Perhaps right here it is most necessary to address the central question of his intelligence, of its nature, and of its depth. Does he understand? What does he understand? How does he put two and two together? How has he figured this out? What has he figured out? What are his analytic abilities? His perceptual apparatus?
He ain’t conventionally smart. His war against intellectuals is, in part, to level the playing field, because he lacks their advantage (so he demonizes them, belittles them). He doesn’t have the kind of mental patience to work through the analysis. His is a short attention span. Also, he doesn’t much like information, or, at least, to qualify information. Or if he does, he sees it as binary: Is it useful, is it not? All information is gossip: Does it appear, if only in the moment, to be true or believable? He doesn’t believe in, or see the point of, objective standards or values. He eschews the long term. It’s a minute-by-minute mind. Animalistic. Eat what you kill.

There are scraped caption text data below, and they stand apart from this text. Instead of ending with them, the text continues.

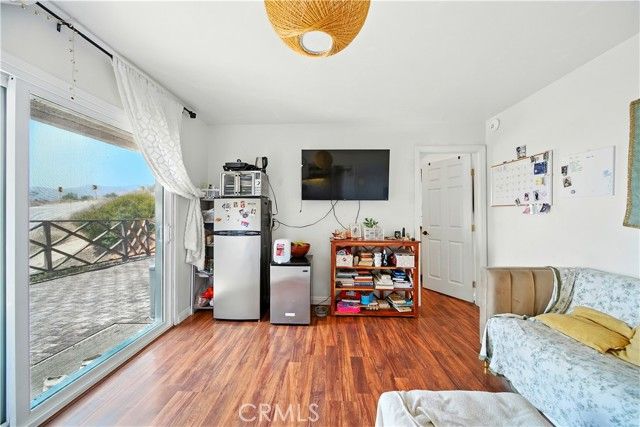 521 Baseline Road, La Verne, CA 91750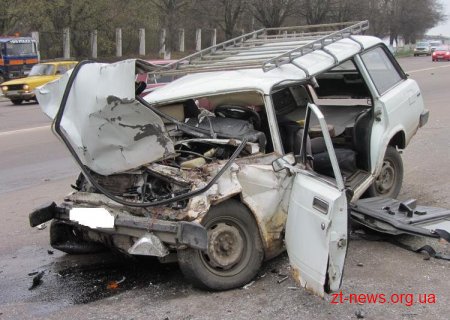 У Житомирі сталася масштабна ДТП за участю трьох автомобілів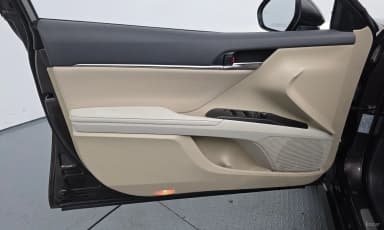 Camry (XV70)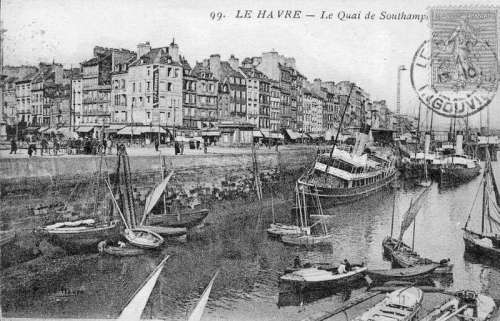 Southampton Quay in the 1920s in France free photo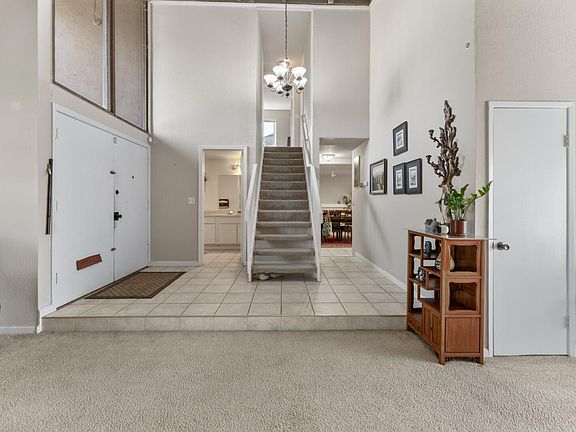 3rd image of 2785 Toland Drive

He has enormous respect for the transformative powers of technology without knowing, in the slightest, a thing about it. He’s surprisingly open to technological solutions while being, at the same time, altogether incurious about them.

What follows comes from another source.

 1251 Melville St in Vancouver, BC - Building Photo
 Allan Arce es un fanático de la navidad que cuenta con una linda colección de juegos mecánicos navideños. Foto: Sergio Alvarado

To the degree that new technology could merely replace an existing function, he gets it—or at least gets the big picture. Satellites. Mmmm. Satellites, like cable, could put stuff on your television in your house. If Murdoch could control the satellite, he could control what’s on your television. He gets that. And satellites complement his global reputation.
Suspicious of cable because of its massive capital costs, he’d started making small, frankly ill-advised satellite investments in the early eighties. In hindsight, this will come to seem like prescience on a grand scale. Truthfully, it was just cheapness. And competitiveness—his doing something that he thought others might do (and trying to do it cheaper). Also, in the pell-mell 1980s, it was easier for him to make an investment than it was to actually pay attention to something—or he needed to invest in order to focus (however superficially).
If you invest, things get rolling. Which might be, all in all, the explanation for how he got into the middle of Sky Television, which almost brought him to bankruptcy. That is, he invested, as cheaply as possible, and then there was a competitor—a rich, powerful consortium of his enemies, Richard Branson, Pearson, and Granada among them, who had started British Satellite Broadcasting—and he got competitive. A race began: Who could launch first? The establishment (the adversary is, with Murdoch, always the establishment) or Murdoch?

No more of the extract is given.